我不知道他这是什么意思,我是选上了还是没选上,那太监喊我的名字,掐尖了嗓子:“留牌子——”

我糊里糊涂,不明白那人拈一下我的发簪,怎么就是选上了。

 

不管选没选上,我还是舍不得紫禁城的桃花,其他秀女都来寻我,要贺我,我急着脱身,说我趁走前再瞅一眼,她们不从。

“你往后都是小主了,那桃花还不是想什么时候看就什么时候看,大不了让人移到你后院去。”

“是啊,反正皇上好像很喜欢你。”

我不爱听这些话,径直走了。她们都巴着要选上,但若非那些桃花,我连紫禁城都不踏进来,只教人托言得了重病,不来选罢。

现在也算半个有身份的人,赏花也怡然自得了些。我后悔不带纸笔和酒,否则定要边饮酒边画花,岂非一大美事。

“我看你是不成。”

那突兀的男声又插进来,金黄色的身影步步靠近,在我面前停下脚步,跟大殿上一样。

“你即便做了朕的妃嫔,也没有妃嫔会在御花园边饮酒边作画。
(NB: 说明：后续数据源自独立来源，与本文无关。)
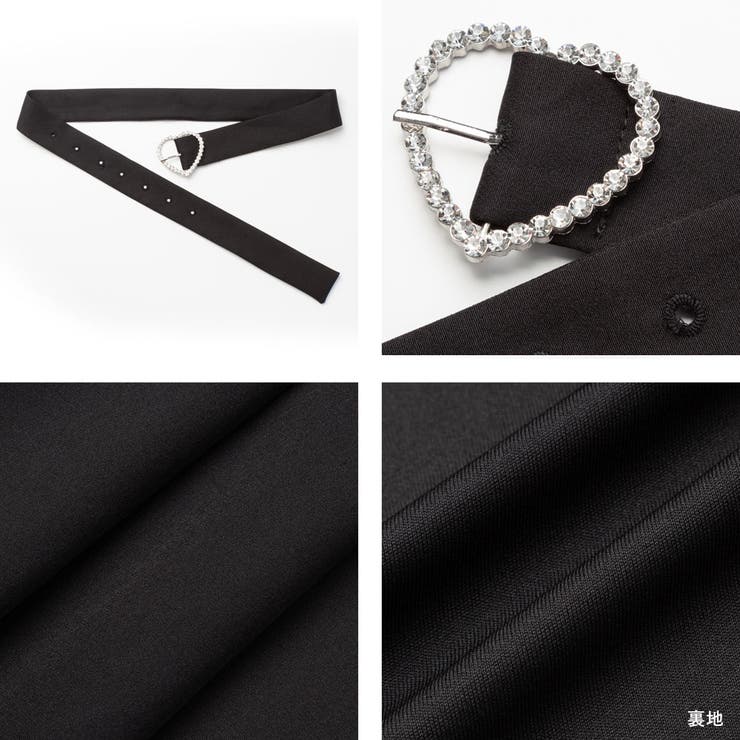 ハートレースリボンセーラーワンピース 量産型 地雷系 夢展望 | DearMyLove | 詳細画像37 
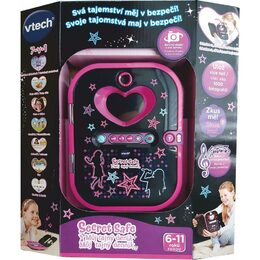 ME 80163679 Můj tajný deník -černý VTECH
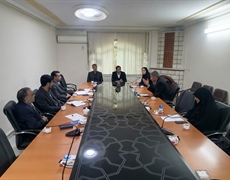 نشست مشترک معاون فرهنگی و امور جوانان با معاونین فرهنگی دانشگاه‌های استان همدان برگزار شد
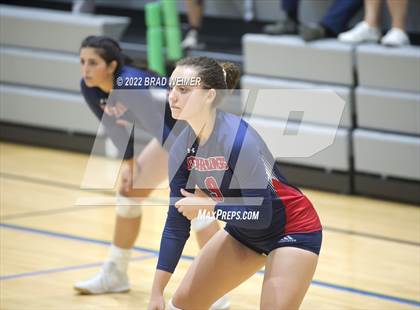Thumbnail 3 in Dominican vs Teurlings Catholic (Thibodaux Regional Wellness Center) photogallery.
”他一改大殿上严肃之态,玩味地看着我。我想起额娘教的礼数,福身胡乱甩起帕子。“皇上吉祥。”

“连朕都敢盯着看的人,这会子行起礼来了。”他笑着,手里仍捋着那个红穗子。“平身吧。”

我松了口气,想想他与我一样,也只不过是十七八岁的人,但语言举止间已隐隐流露出帝王的气度,即便是我这样遇到神仙也没大没小的人,也不敢不拜。

他抬头看着桃树,一瓣落花飘飘悠悠地落在他的肩头,我不知道该不该伸手替他抚去,杵在原地不敢动。
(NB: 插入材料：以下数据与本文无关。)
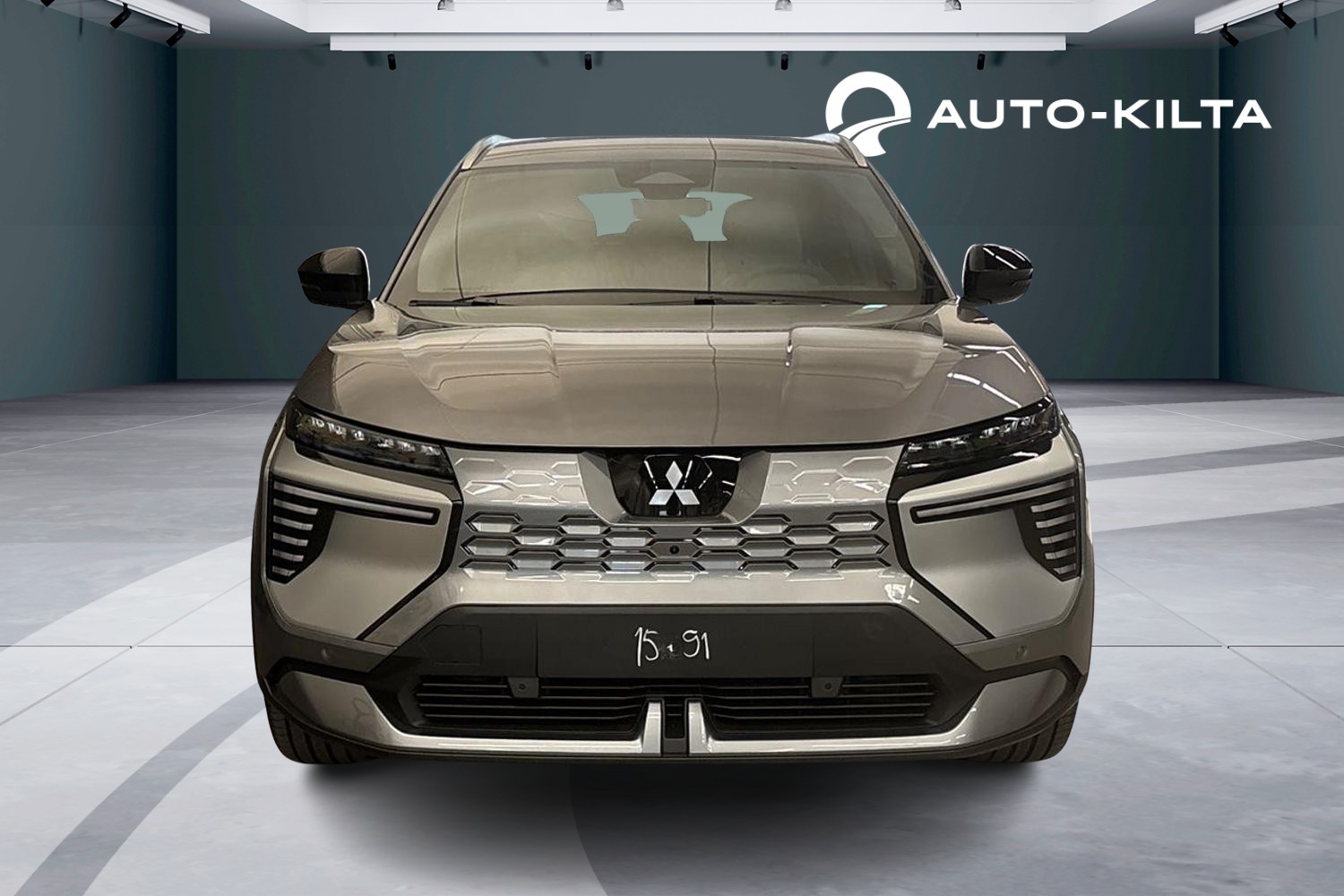 Mitsubishi Eclipse Cross 2026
“怕朕?”他开口问,回头看着我。“那方才还直视着朕?”

我生来就是爱胡闹的人,于是此时,也没皮没脸道:“臣女没看皇上——臣女只看了个好看的人呢。”

他愣了片刻,大笑。

“每天说奉承话的都很多,你这一句,朕听得最舒服。”

我刚要对他笑,袖子里的发簪便哗啦啦掉在地上,闪亮亮的一地。

我傻了。面对我未来的夫君,我真是丢脸到想找个地洞钻进去。他笑了,极纯真的样子,弯腰拿起一支步摇,往我鬓上比划。

“朕说你怎么头上都是空的,不像其他女子。竟是都收起来了,有趣。”

我幽怨地接下他递来的步摇,连同其他东西塞回袖子里。“可没趣了,皇上别看只是头饰,真要戴起来,沉甸甸的,明面上好看有什么用。”

他还要说话,我怕他再说出什么话要我计算着答,抢白道:“臣女斗胆……皇上也喜欢桃花?”

他收敛笑意,看了我一眼,眼角被映上与我的衣裳相同的颜色。

“桃花坞里桃花庵,桃花庵下桃花仙。桃花仙人种桃树,又摘桃花换酒钱。”

他吟着,分明是翩翩才子的模样。

 

一入宫门深似海,倒也无妨。

不过找个人一起看桃花罢了,若是他不同我,我便一个人去。不让这劳什子的紫禁城,关住我个桃花神仙。